After two months the British Foreign Office established Mr Hibell was in Syrian detention, but requests for consular access were ignored. Fazia left Syria fearing she too would be detained.
Mr Hibell was moved to another prison and held with 50 other men in a 10-metre-long cell, he says.
Damascus: Mr Hibell says he was seized on the street
He said: "I was interrogated and told that if I admitted that I was a terrorist and I was going to Iraq then I would be freed. I was scared and thought I'd die in prison, so I made a false confession", he said.
On 31 March 2007, after 14 weeks in detention, he was released. He says he was never brought before a court or charged with an offence.
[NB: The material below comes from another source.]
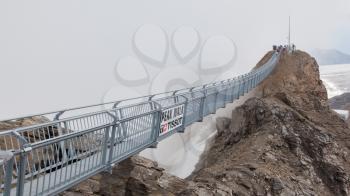LES DIABLERETS, SWIZTERLAND - JULY 22: People walk at the Glacier 3000 on July 22, 2015. The area houses the world only suspension bridge between 2 mountain peaks.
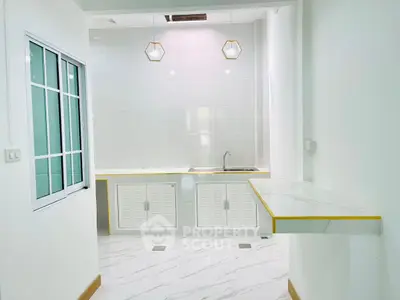 Modern kitchen with sleek white cabinets and marble countertops in a bright interior.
Scotland Yard officers interviewed him on his return to Heathrow Airport, but then let him go. He is now receiving counselling.
"It's left us devastated, my family didn't know whether I was dead or alive, this could easily happen to someone else," he said.
A spokesman for the Syrian Embassy in London has refused to comment on the allegations. A spokesman for the Foreign Office said the matter was now closed as Mr Hibell was safely back in the UK.
But Khalid Sofi, Mr Hibell's solicitor, said questions still needed answering and he called on the Foreign Office to investigate further.
"There has to be a strong message to the Syrians, that this will not be tolerated," he said.
Amnesty International spokesman Mike Blakemore said: "We cannot have a man who is picked up off the streets, and thrown into a cell. It is a very serious situation and fits into a wider picture of what is happening in Syria."